The first of the truly great gangster films is Mervyn LeRoy’s 1931 Little Caesar, the vehicle that not only made a star of Edward G. Robinson but saddled him with the mannerisms that impressionists would take to the bank for decades. Robinson’s Rico sneers for much of the film and speaks in a sort of slide, where “Yeah” is spoken as “Myyeah,” usually followed by a rising “see.” You didn’t have to be Rich Little to do a takeoff of Robinson as hoodlum, although Little did him very well. So did seventh graders in every schoolyard in North America. LeRoy has a tough job in the movie, trying to depict Rico as truly dangerous not in a way that would be worthy of our respect. He’s violent, all right, but there’s something slightly effete about him. Maybe more than slightly. He gets upset by the prospect of his best pal leaving the gang the way most people do at losing a lover; the feeling is entirely one-way. And then there’s his grooming habits. He is identified by two items in particular. The first, his pistol, makes sense; the guy’s a gangster, after all. The other one? A comb. It gets worse: he uses the comb far more than the gun. He’s a dandy all around—snappy dresser, very concerned with appearance, good grooming—as befits someone hoping to rise in station, even if that station is as a lowlife. But the combing is a reflex in moments of stress and suggests an unmasculine (for circa 1931) obsession. The film overtly references the comb in its intertitles (those title cards with text that show up in the midst of old films), so it appears that LeRoy was attempting to lessen the peril or to ridicule the mob. That’s mostly speculation, although the homoerotic subtext seems pretty clear. What is abundantly clear is that W. R. Burnett, who wrote the book on which the movie is based, was very unhappy with the change. He had written Rico as resolutely interested in girls and very masculine. To the extent that the celluloid character is less than that, Burnett felt his intentions were violated. The writer may have been annoyed, but audiences were thrilled. Even fifty years on, my students laughed at Rico’s mannerisms even as they agreed that the movie is pretty taut otherwise. He’s dangerous, but he’s also a little foolish and conceited, not quite Al Capone material.

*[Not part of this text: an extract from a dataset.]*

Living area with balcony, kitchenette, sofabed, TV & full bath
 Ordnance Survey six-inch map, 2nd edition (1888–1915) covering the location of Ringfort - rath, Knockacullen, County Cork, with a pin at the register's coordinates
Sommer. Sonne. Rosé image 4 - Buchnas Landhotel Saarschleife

Now then, for the truly dangerous. How about a flat-topped Stetson that looks like it’s been through the wars? Nothing? Well, it doesn’t add much. How about heavy stubble or a small beard? Still not enough. A well-chewed cigarillo that looks as bad as the hat? That narrows the field, but it remains pretty wide. Okay, what about a poncho? Now we’re talking. That ensemble describes one character. Or three, since he’s in that many films. He has no name, but he might respond to a fistful of dollars. In fact, that’s where we met him, this Man with No Name, in the first of Sergio Leone’s so-called Dollars Trilogy. He’s a pretty ragged character—nothing like the traditional cowboy hero, as far as you can get from Alan Ladd’s Shane as it is possible to be. In fact, I would describe him as the anti-Shane. They’re both, in the peculiar subgenre of the Western, avenging angels, although our guy is hard to recognize as an angel. No fringed buckskin for him. No well-scrubbed look. His Colt Peacemaker and holster look like they’ve been used. A lot. Alan Ladd’s look brand-new. As a point of information, Eastwood brought his boots, gun, and hat from his Rawhide days, when he had been a lot more well-scrubbed himself. He rides into town not on a sparkling steed but on a mule (okay, it’s really a horse, but it’s supposed to be a mule; casting issues, one supposes). And the poncho and shearling vest underneath look, um, lived in. Lived in, in fact, by the man who’s wearing them.
Figure 14. Not the Little Tramp. Eastwood in A Fistful of Dollars. Courtesy of Getty Images/MGM.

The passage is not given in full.